Bei einem Ausflug zum Hamburger Falkenberg finden Schulkinder einen Toten. Die beiden Ermittlerinnen Stella Brandes und Banu Kurtoglu sehen nicht nur unzählige Stiche am Körper des alten Mannes, auch ein Hakenkreuz wurde in seinen Rücken geritzt. Bald ist die Identität des Toten geklärt, es ist der pensionierte Psychiater Dr. Hennig Manteuffel, der seinen Lebensabend in der nahegelegenen luxuriösen Seniorenresidenz verbrachte.

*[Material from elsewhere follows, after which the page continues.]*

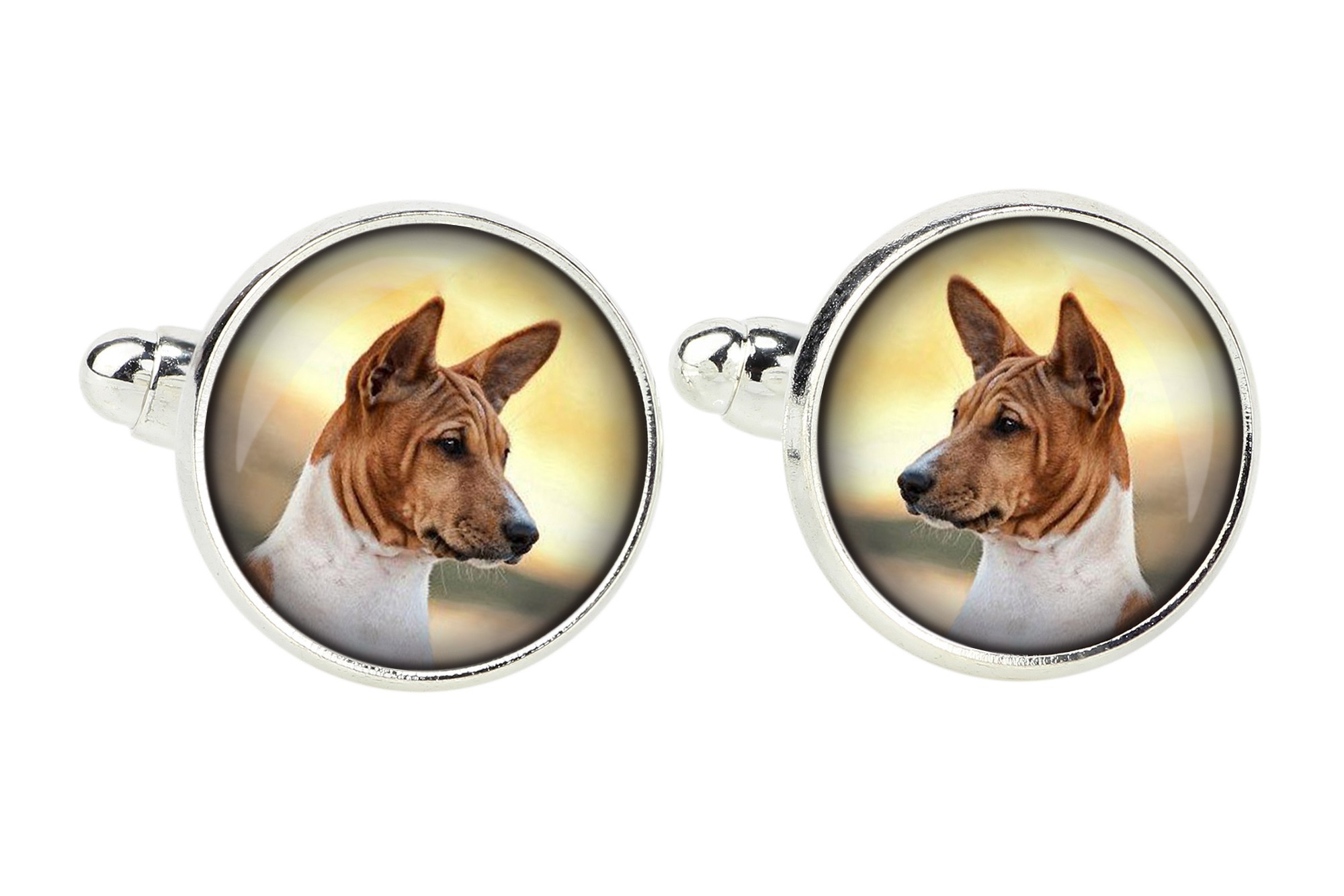 

Basenji Spinki do mankietów z Twoim zdjęciem foto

Die Ermittlungen erstrecken sich durch die Indizien auf die rechtsradikale Szene und das Umfeld der Residenz, laufen aber immer wieder ins Leere.
Die Autorin hat ihren Krimi auf zwei Handlungsebenen angesiedelt. Zwischen den laufenden Ermittlungen stehen immer wieder kursiv geschriebene Auszüge aus einem Tagebuch, die wohl von einem jungen Mädchen stammen und ihren Aufenthalt in einem Kinderheim zu Thema haben. Diese Einschübe geben dem Buch eine ganz eigene Dynamik und Spannung, der der Leser weiß ja, dass dieses Tagebuch einen Bezug zur heutigen Tat haben muss. Damit ist er auch immer einen Schritt weiter als die beiden Kriminalistinnen, was ich ebenfalls einen gelungenen Kunstgriff fand.
Die Figuren haben mir gut gefallen, bei den Ermittlerinnen ließ die Autorin mit Banu Kurtoglo eine Frau auftreten, die die Alleinverdienerin im Haushalt ist, während ihr Mann sich um Haushalt und Kinder kümmert und die sich dadurch mit Problemen konfrontiert sieht, die man sonst nur in umgekehrter Rollenverteilung kennt. Manteuffel und seine Mitbewohner in der Residenz bekommen allmählich immer deutlichere Konturen, auch das wird sehr eindrücklich geschildert.
Mich hat der Kriminalroman gefesselt, ganz besonders die Aufarbeitung der geschichtlichen Ereignisse – die auch die Ermittlerinnen vor eine Gewissensfrage stellt, fand ich gut ausgearbeitet. Ein beeindruckendes Krimi - Debüt der Autorin.